▶ **Directions**: Look below for the line that has "Network nodes cloud". Set down the lines from there through the line that has "Samsung EC-WB210ZBPBSA Compensating", exactly as written.

▶ **Records for the task**:
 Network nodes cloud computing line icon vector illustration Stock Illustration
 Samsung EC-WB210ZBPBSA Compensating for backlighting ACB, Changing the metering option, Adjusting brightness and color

--

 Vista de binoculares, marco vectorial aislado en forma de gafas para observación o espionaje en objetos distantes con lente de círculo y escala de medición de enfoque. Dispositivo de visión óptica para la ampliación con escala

---

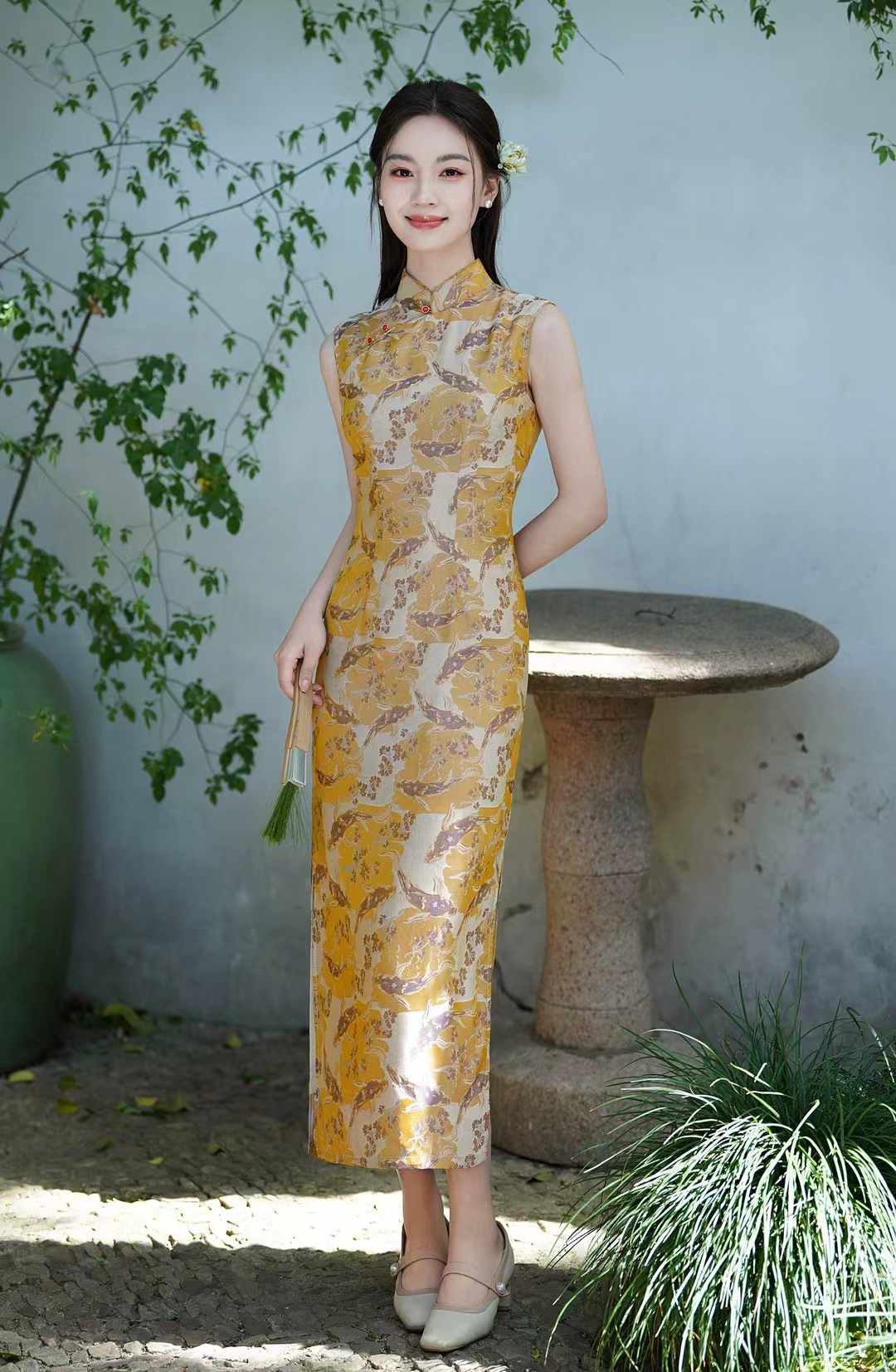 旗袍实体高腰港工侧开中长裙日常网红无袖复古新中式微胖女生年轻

▶ **Response below**:
 Network nodes cloud computing line icon vector illustration Stock Illustration
 Samsung EC-WB210ZBPBSA Compensating for backlighting ACB, Changing the metering option, Adjusting brightness and color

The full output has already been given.